Objectives This study examines the predictors of left atrial (LA) thrombus in candidates for atrial fibrillation (AF) catheter ablation.
Methods From January 2010 to December 2011, 72 consecutive patients with nonvalvular AF were enrolled. Patients with valvular heart disease, stroke, deep vein thrombosis, or pulmonary embolism were excluded. All patients underwent transoesophageal echocardiography (TOE) to detect LA thrombus. Several potential risk factors for thrombus were defined: aging, male, smoking index, hypertension, systolic/diastolic blood pressure, diabetes, fasting plasma glucose (FPG), dyslipidemia, triglyceride, cholesterol, uric acid, LA diameter, ischaemic cardiomyopathy, congestive heart failure and persistent AF.

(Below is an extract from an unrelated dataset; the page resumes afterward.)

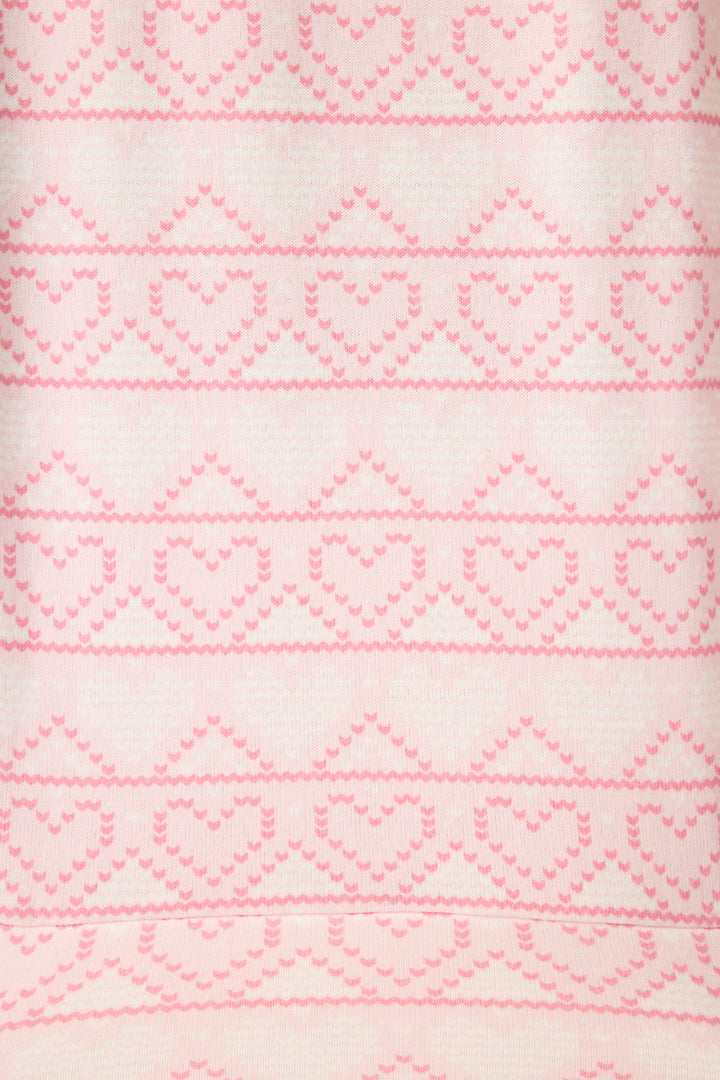 Close-up of the Fairisle Heart Print Peachy PJ Set by P.J. Salvage, showing a light pink and white symmetrical pattern with evenly spaced rows of knitted heart shapes across the soft fabric.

Results The incidence of thrombus was 8/72 (11.1%) without therapeutic anti-coagulation. Patients with thrombus had lower plasma glucose level, mean 4.58±0.45 mm vs 5.77±1.22 (p=0.008). In univariate analysis, smoking index (OR=1.002 with 95% CI 1.000 to 1.003), plasma glucose concentration (OR=0.043 with 95% CI 0.005 to 0.379), triglyceride (OR=4.942 with 95% CI 1.585 to 15.410), high density lipoprotein (OR=0.044 with 95% CI 0.002 to 0.840), LA diameter (OR=1.210 with 95% CI 1.070 to 1.369), and persistent AF (OR=6.600 with 95% CI 1.224 to 35.602) were significantly associated with LA thrombus. In multivariate analysis, plasma glucose concentration (OR=0.010 with 95% CI 0.000 to 0.894) was independently associated with LA thrombus.
Conclusions In conclusion, decreased plasma glucose concentration is an independent risk factor of LA thrombus in patients with AF.